Definitions for "Archaea"
One of the three domains of life. Like Bacteria, they are all microorganisms and lack a nucleus.
One of the three domains of life (the others being BACTERIA and Eucarya), formerly called Archaebacteria under the taxon Bacteria, but now considered separate and distinct. They are characterized by: (1) the presence of characteristic tRNAs and ribosomal RNAs; (2) the absence of peptidoglycan cell walls; (3) the presence of ether-linked lipids built from branched-chain subunits; and (4) their occurrence in unusual habitats.
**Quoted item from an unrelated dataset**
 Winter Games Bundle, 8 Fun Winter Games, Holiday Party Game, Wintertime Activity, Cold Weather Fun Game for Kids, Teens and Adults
While archaea resemble bacteria in morphology and genomic organization, they resemble eukarya in their method of genomic replication. The domain contains at least three kingdoms: CRENARCHAEOTA; EURYARCHAEOTA; and KORARCHAEOTA.
A prokaryotic form of life that forms a domain in the tree of life. There are three domains: bacteria, archaea, and eukarya. Bacteria are also prokaryotic organisms. Eukaryotes include animals, plants, fungi, and protozoan and have very different cell structures, bigger and with internal membrane bound structures (organelles). While bacteria and archaea look similar in structure, they have very different metabolic and genetic activity. One defining physiological characteristic of archaea is their ability to live in extreme environments. They are often called extremophiles and unlike bacteria and eukarya depend on either high salt, high or low temperature, high pressure, or high or low pH.